Procedure vs. Practice Gap
The written procedure describes the approved workflow. The actual practice has diverged. This gap is invisible to the quality system without active oversight mechanisms.
Ongoing Oversight Required
Governance must extend beyond initial validation. AI interaction logs, periodic review, and usage monitoring are essential to detect drift before it becomes entrenched.
Change Without Change Control
Behavioural changes to how AI tools are used constitute effective process changes, even without formal updates. Quality systems must be designed to capture and evaluate these shifts.
Summary: Four Issues, Four Principles
This scenario maps cleanly onto four core AI governance principles that should underpin any AI-assisted process in a regulated manufacturing environment. Each issue identified in practice has a corresponding principle that, had it been consistently applied, would have prevented or detected the behavioural drift described.
1
Define Intended Use and Scope
The AI must be used within its designed workflow. General queries outside the structured process fall outside the validated scope and cannot provide equivalent assurance.
2
AI is a Worker to be Governed
AI assists reviewers; it does not replace their judgement. The reviewer remains the decision authority.
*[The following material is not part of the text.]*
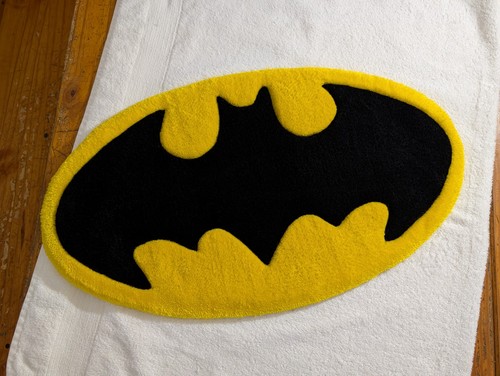 Batman acrylic rug - batman,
AI output is input to a decision, not the decision itself.
3
Human Verification is Mandatory
Meaningful, independent human verification is required regardless of what the AI reports. The depth of review must not be conditional on a favourable AI summary.
4
Quality System Governance
AI-assisted processes require active, ongoing oversight. Behavioural drift must be detectable and addressable through the quality system, not just at initial validation.
The Broader Lesson: Governance and Behaviour, Not the Model
Scenario 4 – Technology Governance Failure
A failure in how the AI system itself is controlled — its inputs, configuration, or validated scope. The technology drifts outside its governed boundaries. This is a controlled-inputs failure: the system is doing something it should not be permitted to do.
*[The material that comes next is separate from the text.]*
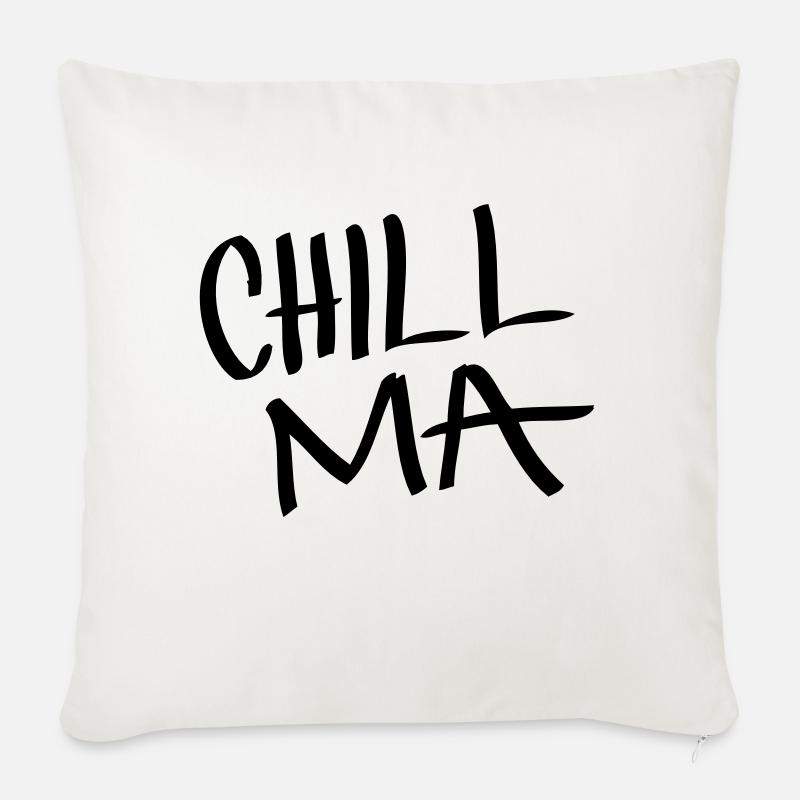 Chill Ma - Sofakissen mit Füllung 45 x 45 cm - Naturweiß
This type of failure is often more visible because it involves a change to the system or its data. It is more likely to be captured by existing change control and validation frameworks — if those frameworks are appropriately designed for AI tools.
Scenario 8 – Human Behavioural Drift
A failure in how people interact with a system that has not technically changed. The tool remains within its configured boundaries; the humans operating it have quietly stepped outside theirs. This is a workflow bypass failure: the system is functioning as designed, but it is no longer being used as designed.
This type of failure is frequently more dangerous precisely because it is harder to see. No alarm is triggered. No change control is initiated. The quality system may be entirely unaware that anything has changed at all.
AI risk in GMP environments is primarily about governance and behaviour, not the model itself. The most significant risks often arise not from what the AI does, but from how people choose to use it — and whether the quality system is watching.
Together, Scenarios 4 and 8 make a powerful case for a governance framework that addresses both dimensions: the technical controls that define and constrain the AI's operation, and the human and organisational controls that ensure people continue to use AI tools as intended, under meaningful oversight, with verified outcomes. Neither dimension alone is sufficient. Both are essential.